───── Source data ─────

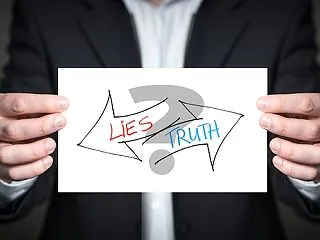 【体験談】どっちが選ばれる？占い師が言い…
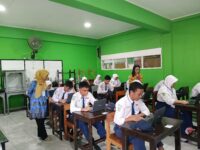 Hari Kedua Ujian Asesmen Sumatif Akhir Jenjang SMP Hikmah Yapis Jayapura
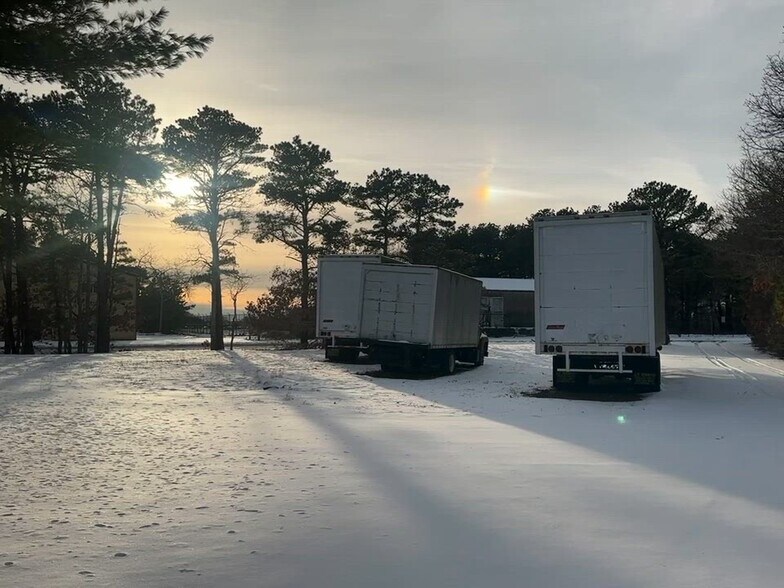 More Photos Of 22 A St, Edgartown Warehouse For Lease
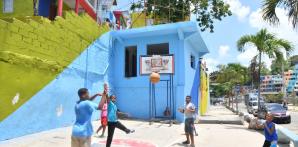 Niños en el sector de Cristo Rey, en el Distrito Nacional, disfrutan de un momento de entretenimiento y recreación jugando basquetbol.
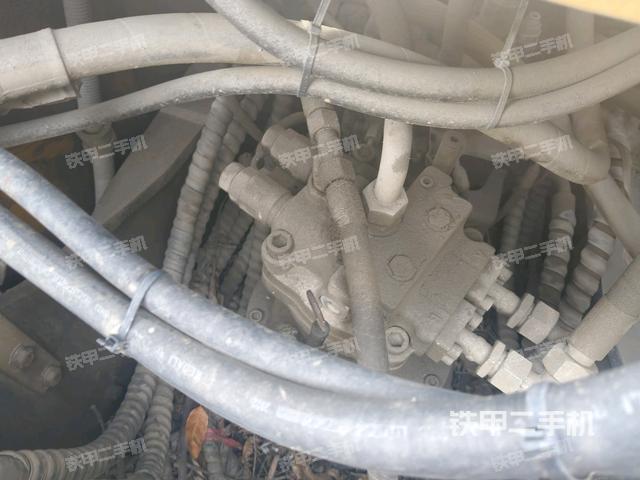 駕駛室頂部俯視(上車部件) 駕駛室頂部俯視(上車部件)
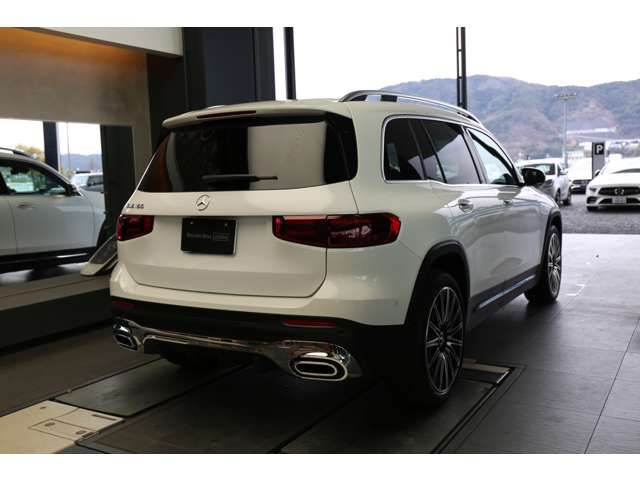 MERCEDES BENZ GLB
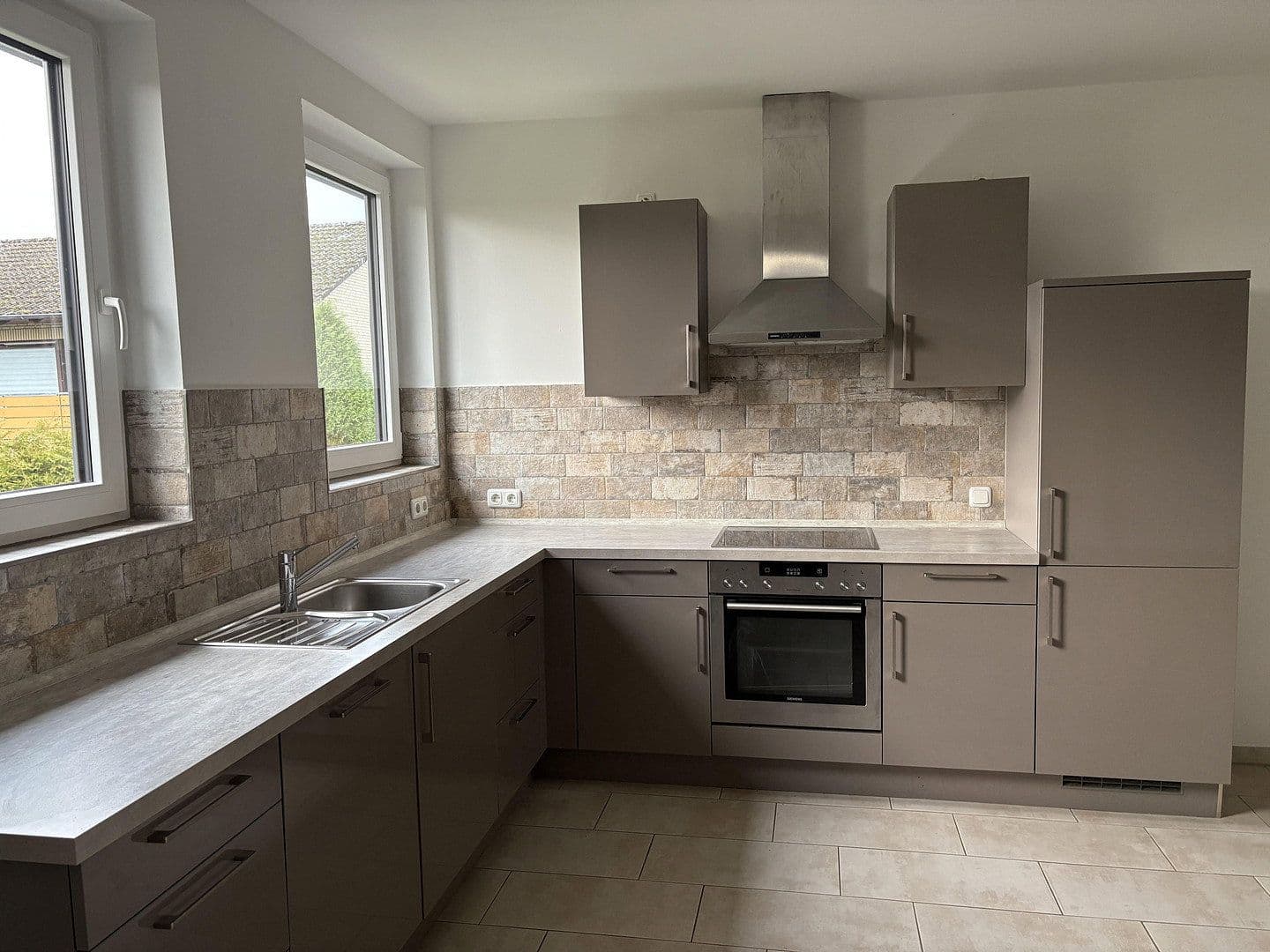 Predaj domu 268 m², pozemek 650 m², Jersbek, Jersbek, Šlezvicko-Holštajnsko Predaj domu 268 m², pozemek 650 m², Jersbek, Jersbek, Šlezvicko-Holštajnsko
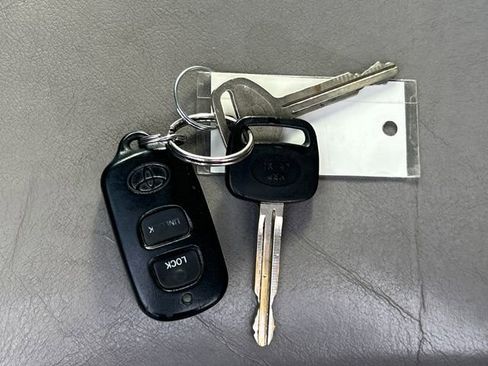 Used 2006 Toyota Tundra Limited image 29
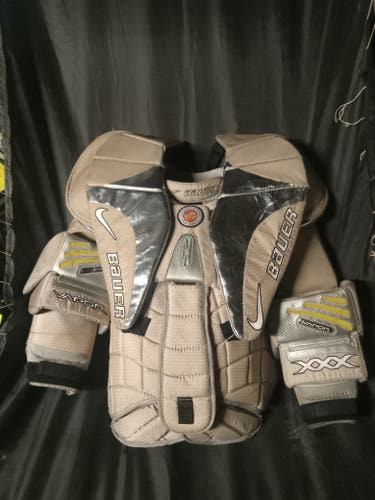 Used Large Bauer Vapor XXX Goalie Chest Protector
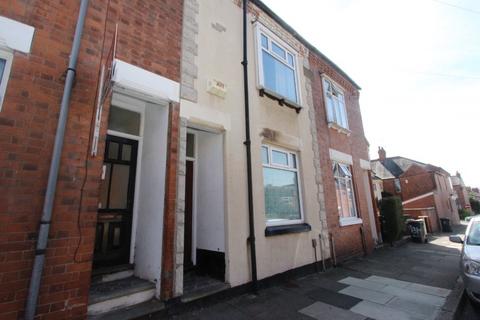 4 bedroom terraced house to rent, Howard Road, Leicester LE2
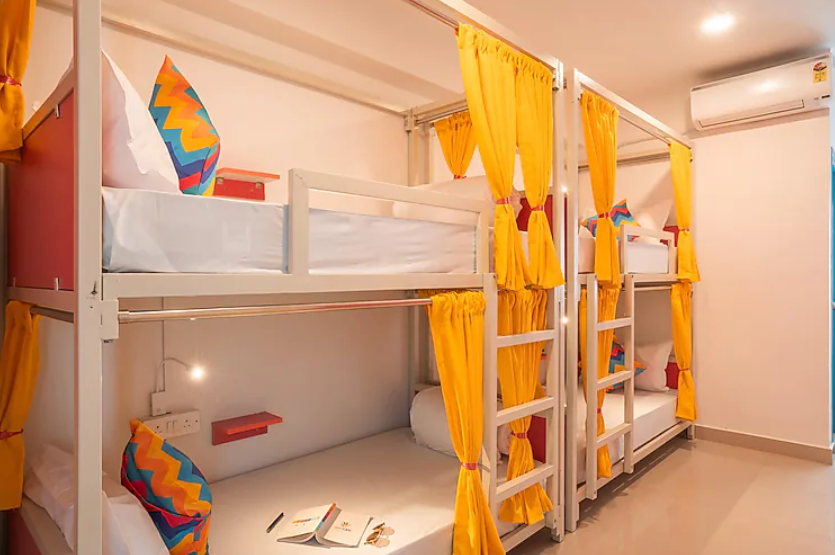 Bed in 6-Bed Mixed Dormitory AC Room with Ensuite Bathroom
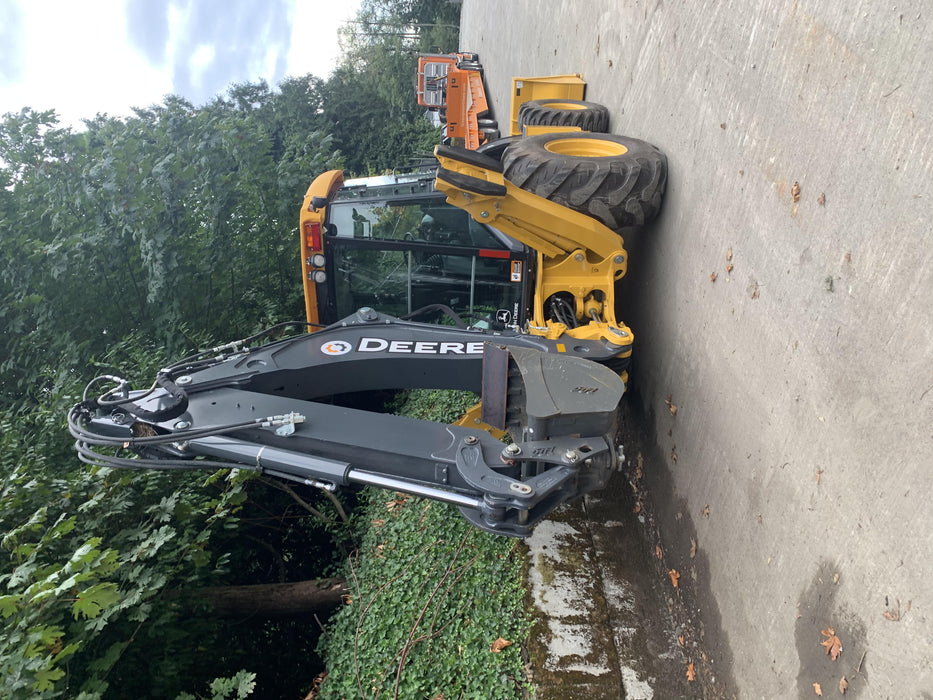 2020 John Deere 410L - Extendable Stick Cab/Heat/Air, 4WD, Extendable Stick, Pilot Controls, 2 Way Hydraulics, TAG Manual QC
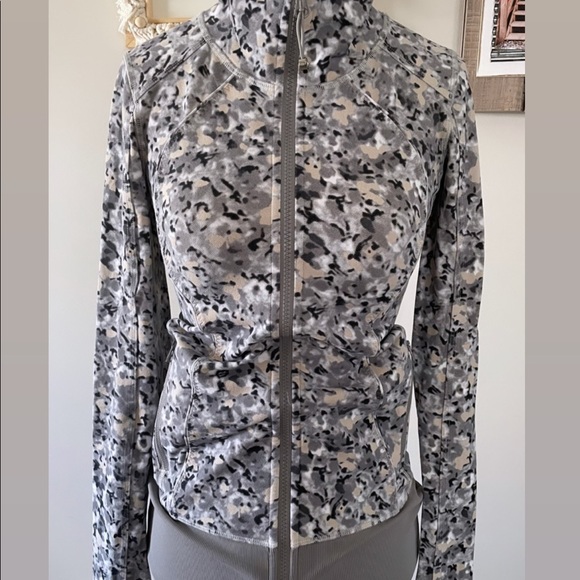 Lulu size 2 - Picture 5 of 5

─────

Would you set down only the lines above from the line with "駕駛室頂部俯視(上車部件) 駕駛室頂部俯視(上車部件)" to the line with "Bed in 6-Bed", both included, exactly as they stand and without the pictures?

Response:
 駕駛室頂部俯視(上車部件) 駕駛室頂部俯視(上車部件)
 MERCEDES BENZ GLB
 Predaj domu 268 m², pozemek 650 m², Jersbek, Jersbek, Šlezvicko-Holštajnsko Predaj domu 268 m², pozemek 650 m², Jersbek, Jersbek, Šlezvicko-Holštajnsko
 Used 2006 Toyota Tundra Limited image 29
 Used Large Bauer Vapor XXX Goalie Chest Protector
 4 bedroom terraced house to rent, Howard Road, Leicester LE2
 Bed in 6-Bed Mixed Dormitory AC Room with Ensuite Bathroom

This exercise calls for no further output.